This study analyzes the issuing process for securities in light of information asymmetries among and between issuers, underwriters, and investors. It analyzes the issuers' and underwriters' matching of allocation and demand and the resulting consequences for the investors' bidding behavior.
The first chapter uses an original data set of 41 European IPOs brought to the market by a top-tier investment bank. It makes it possible for the first time to consider demand and allocation for institutional and retail investors simultaneously and thereby to analyze all agents at all stages of the bookbuilding process. The chapter provides evidence that uninformed retail investors face a winner's curse. The underwriter has to underprice new issues on average to induce these investors to participate in IPOs. The results also suggest a quid pro quo between the underwriter and informed investors in which the latter receive favorable allocations for guaranteeing the underwriter the placement success in issues with weak demand. It cannot be shown that investors are compensated for revealing their information.

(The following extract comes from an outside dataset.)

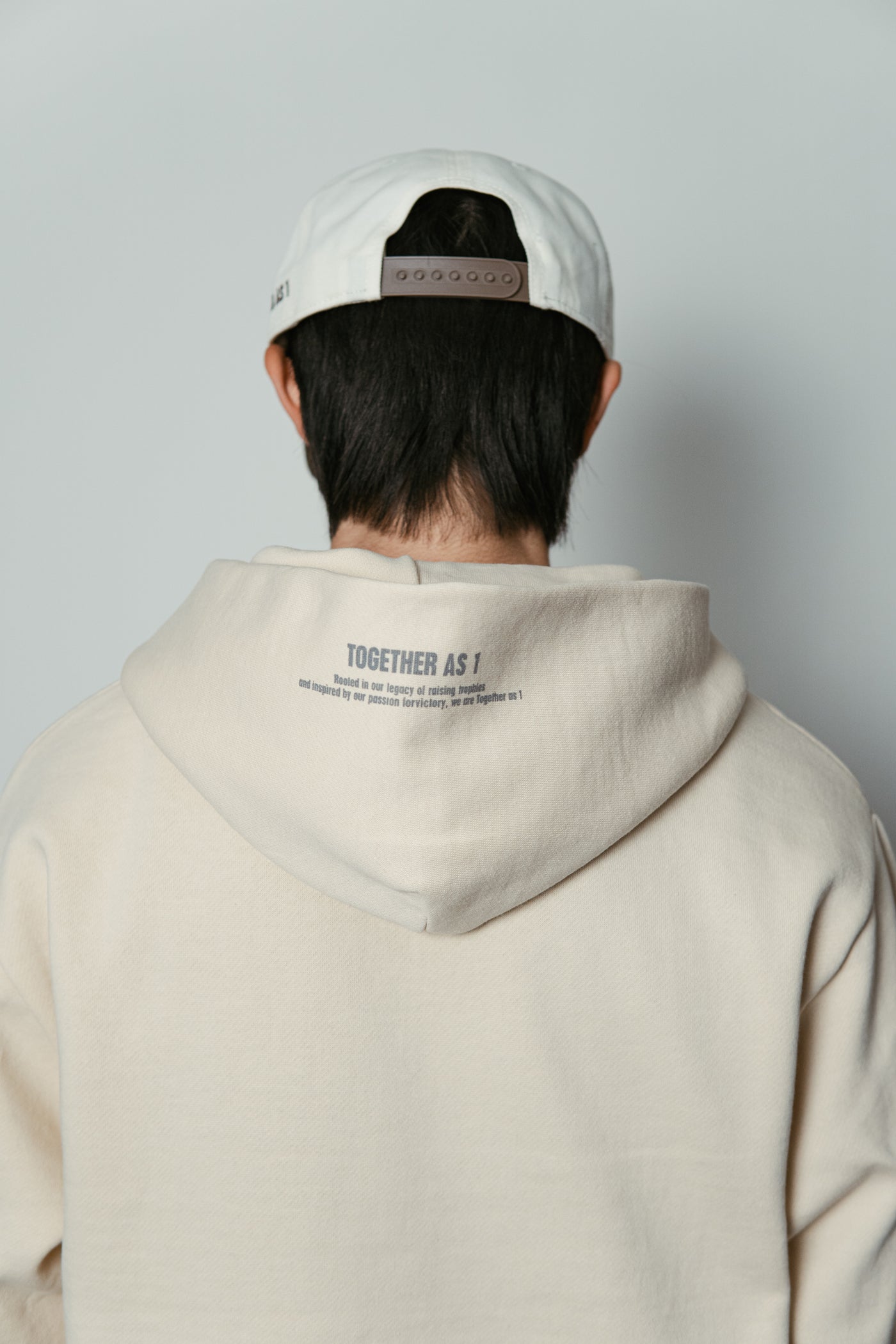 T1 Together as 1 Hoodie - Cream – T1 Shop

The second chapter examines the results of 93 discriminatory Treasury auctions in Germany between 1998 and 2002. It documents the seller's use of discretion and its influence on auction outcomes and bidding strategies. The evidence suggests that the seller uses its discretion frequently and substantially. It does not maximize revenues in a single-period game, but moves up in the competitive demand curve to set the market clearing price close to the market price. Therefore, bidders do not make profits in German auctions, while their bidding strategies reflect the uncertainty created by the seller's discretion. This chapter extends and tests the implications of the multi-unit auction model by Lengwiler (1999). This predicts that the market-clearing price should be independent of the bidding strategies and exclusively depend on the seller's marginal cost. The results broadly support this prediction.